47 already!!! Dang!!! I am looking forward to this, gives me a chance to improve on my Sharkathon skills!! Haha like I need it!!!


----------



## JOHNNYREB (Apr 20, 2006)

Glad to see this tourney back in action! Had a blast over the years fishing bums old rodeo, and there's already twice the teams then before. Ought to be some pretty stiff competition ! Good luck to all. RUSTY HOOKERS in da house!


----------



## sharkchum (Feb 10, 2012)

There are 53 teams now. Is there gonna be a limit?


----------



## Temple (Aug 25, 2012)

Man I'd love to fish this!


----------



## surfguy (May 17, 2011)

sharkchum said:


> There are 53 teams now. Is there gonna be a limit?


I doubt if they would limit the number of teams but the deadline to get a team signed up is Apr 20th. Also, it officially starts this Fri 3/21, so if you get your team materials in time, you can start getting points this week.


----------



## FIDO (Jun 14, 2011)

JOHNNYREB said:


> Glad to see this tourney back in action! Had a blast over the years fishing bums old rodeo, and there's already twice the teams then before. Ought to be some pretty stiff competition ! Good luck to all. RUSTY HOOKERS in da house!


JOHNNYREB!
Give those Rockstars a run for their money brother!

I am beyond excited about this tournament!
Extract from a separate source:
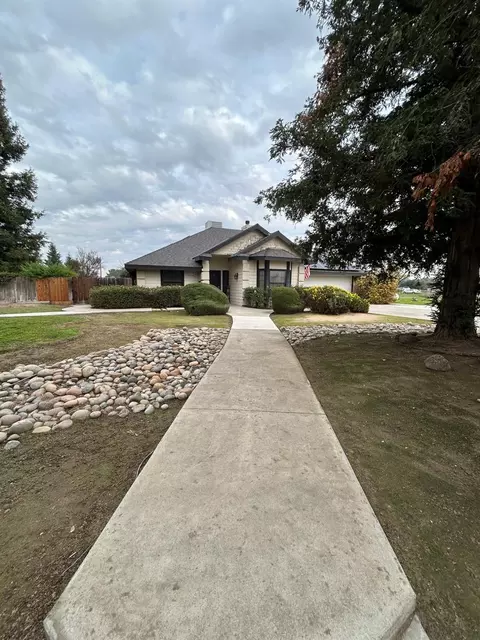 18149 Varden Dr, Madera, CA 93638 photo 3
TIP: The organizers of this tournament are super nice people who welcome any and all questions you have about the tournament. I wouldn't hesitate at all to contact them with a question. Confirming anything you hear by visiting the website would also be a very good idea.

Good Luck Yall!!!!


----------



## Jumpjack (May 21, 2004)

Goodluck


----------



## jagarcia10 (Mar 10, 2011)

Looks like a pretty cool tournament. I'll be rep'n Team KeepItReel. Good luck fellas.


----------



## FishingFanatic96 (Jan 5, 2012)

Team Hardhead Mafia coming at yall! Should be a fun tournament!


----------



## jagarcia10 (Mar 10, 2011)

FishingFanatic96 said:


> Team Hardhead Mafia coming at yall! Should be a fun tournament!


Looks like you guys are on the board already. Nice.


----------



## FishingFanatic96 (Jan 5, 2012)

WHAT said:


> Looks like you guys are on the board already. Nice.


We should be, we caught 4 sharks last weekend. Where are you seeing the board cause the standing on the website are not showing up on my computer?


----------



## jagarcia10 (Mar 10, 2011)

FishingFanatic96 said:


> We should be, we caught 4 sharks last weekend. Where are you seeing the board cause the standing on the website are not showing up on my computer?


Cody posted yall's catches on Corpus Fishing. I didnt see it on the actual site.


----------



## DROOPYVERMIN (Aug 26, 2013)

We signed up we are big boy shark hunters. Now time to go fishing!!!


----------



## waltmeda (Jul 9, 2013)

Just Bitten Shark Fishing Team is in!!!! Like normal, we're already behind.


----------